• February

    27

    2021

FLYING CAR DREAM DASHED AGAIN

After more than 15 years in development and less than four weeks after receiving its airworthiness certificate from the FAA, most of the U.S. employees of flying carmaker Terrafugia have been laid off, and the company will end U.S. operations later this year.

Between 80 and 100 employees at the company’s headquarters in Woburn, Mass., have been let go, and Terrafugia’s intellectual property and further development of the Transition, a light sport airplane designed to be drivable on roads, are being moved to China by owner Zhejiang Geely Holding Group, which bought the company in 2017.

Terrafugia General Manager Kevin Colburn declined to confirm or deny that there have been layoffs, saying in an email, “Terrafugia does not comment on business operations.”

The company was founded in 2006 by a group of Massachusetts Institute of Technology graduates whose business plan to develop an airplane with folding wings that could be driven on roads was the runner-up for the 2006 MIT $100K Entrepreneurship Competition. CEO and founder Carl Dietrich, who departed Terrafugia in 2019, provided initial funding from an MIT student prize. Terrafugia raised $1.5 million in private equity financing in 2008 and more than $5.5 million in subsequent rounds through 2012.

The Transition production prototype completed its first flight March 23, 2012, and the company received about 100 reservations for the flying car.

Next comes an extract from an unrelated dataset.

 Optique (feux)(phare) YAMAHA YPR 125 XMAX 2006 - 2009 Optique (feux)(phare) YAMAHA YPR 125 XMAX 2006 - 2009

Colburn said last month that Terrafugia planned to attain U.S. Department of Transportation/NHTSA roadworthiness certification for the Transition by 2022 followed by U.S. sales of the flying car, but the Transition would need extensive crash testing, including side, quartering and rear impact tests.

He said the Transition completed one head-on crash test, but its design would likely have to evolve significantly to meet DOT safety and environmental regulations. The time and capital needed to accomplish a redesign and meet regulatory hurdles would surely have challenged the company’s plans to launch sales in 2022.

With a sales price estimated to be between $350,000 and $400,000, the aircraft may have been too expensive with very limited utility to find any significant sales in the United States.